BANJARMASIN — Program pendidikan inklusif di Kalimantan Selatan kini tidak lagi terpusat di wilayah perkotaan. Pemerintah provinsi melalui Dinas Pendidikan dan Kebudayaan (Disdikbud) memperluas jangkauan layanan hingga ke desa-desa terpencil di 13 kabupaten dan kota. Targetnya, setiap anak berkebutuhan khusus (ABK) di daerah pelosok mendapat hak belajar yang sama seperti di sekolah reguler.
Berapa Banyak Sekolah yang Sudah Siap?
Disdikbud Kalsel mencatat, hingga saat ini sudah ada puluhan sekolah inklusif yang tersebar di berbagai kecamatan. Sekolah-sekolah ini dilengkapi dengan guru pendamping khusus (GPK) yang telah mengikuti pelatihan. Pihak dinas menargetkan penambahan jumlah sekolah inklusif setiap tahun, terutama di daerah yang sebelumnya tidak memiliki akses sama sekali.
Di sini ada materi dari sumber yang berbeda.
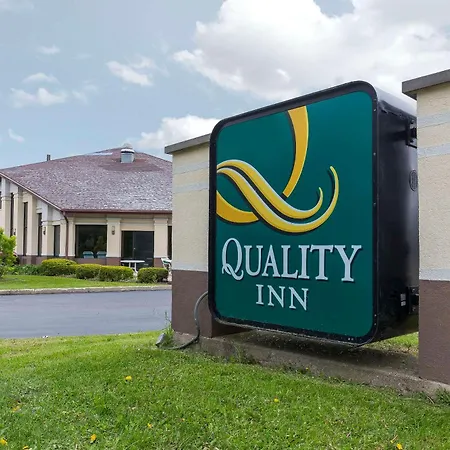 Quality Inn Sycamore - Dekalb-3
Apa Saja Bentuk Layanan yang Diberikan?
Layanan yang diberikan tidak hanya sebatas penerimaan siswa ABK di kelas reguler. Disdikbud juga menyediakan alat bantu belajar, kurikulum yang disesuaikan, serta asesmen awal untuk mengetahui kebutuhan spesifik setiap anak. Program ini juga melibatkan orang tua dan komunitas agar proses belajar berjalan maksimal di rumah maupun sekolah.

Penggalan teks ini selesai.